Problèmes de pension

Le taux chinois de 7,87 décès pour 1 000 habitants en 2023 était plus élevé que le taux de 7,37 décès en 2022.

La population du pays en âge de prendre sa retraite, c’est-à-dire âgée de 60 ans et plus, devrait passer de 280 millions de personnes actuellement à plus de 400 millions d’ici 2035, soit plus que l’ensemble de la population des États-Unis.

L’Académie chinoise des sciences, organisme public, estime que le système de retraite sera à court d’argent d’ici à 2035.

Zhu Guoping, un agriculteur de 57 ans de la province du Gansou (Gansu), dans le nord-ouest du pays, a déclaré que son revenu annuel d’environ 20 000 yuans (3 783,98 dollars canadiens, 2576 euros) ne laissait à sa famille que de maigres économies.

Il recevra une pension mensuelle de 160 yuans lorsqu’il aura 60 ans, soit l’équivalent de 30,2 $ canadiens ou 20,6 euros.
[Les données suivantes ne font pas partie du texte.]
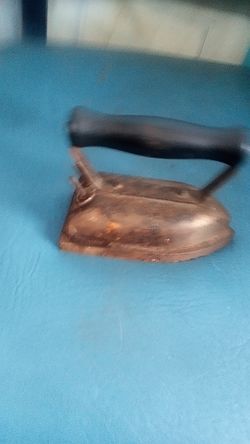 Plancha Antigua/ Antique Iron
« L’argent n’est vraiment pas suffisant », a déclaré M. Zhu. « Peut-être que nos enfants [au pluriel ?] pourront nous apporter un peu de soutien à l’avenir. »

Moins de bébés

Les frais élevés de garde d’enfants et d’éducation dissuadent de nombreux couples chinois d’avoir des enfants, tandis que l’incertitude du marché de l’emploi décourage les femmes d’interrompre leur carrière.

Selon des démographes, la discrimination fondée sur le sexe et les attentes traditionnelles selon lesquelles les femmes assument le rôle de gardienne de la famille exacerbent le problème.

Le président Xi Jinping a déclaré l’année dernière que les femmes devraient raconter « de bonnes histoires de traditions familiales », ajoutant qu’il était nécessaire de « cultiver activement une nouvelle culture du mariage et de la procréation », qu’il a liée au développement national.

Les gouvernements locaux ont annoncé diverses mesures visant à encourager les naissances, notamment des déductions fiscales, des congés de maternité plus longs et des subventions au logement.

Mais nombre de ces politiques n’ont pas été mises en œuvre en raison de l’insuffisance des fonds et du manque de motivation des gouvernements locaux, a déclaré un institut politique de Pékin, qui préconise plutôt la mise en place d’un système unifié de subventions familiales à l’échelle du pays.

Wang Weidong, 36 ans, qui réside à Pékin et travaille dans une société Internet, a déclaré que sa femme et lui hésitaient à avoir un deuxième enfant.

« Les gens n’auront pas d’enfant à cause de ces incitations. Les incitations sont secondaires, elles ne sont pas à l’origine du problème. Je pense donc qu’il est plus difficile d’inverser cette tendance », a déclaré M. Wang.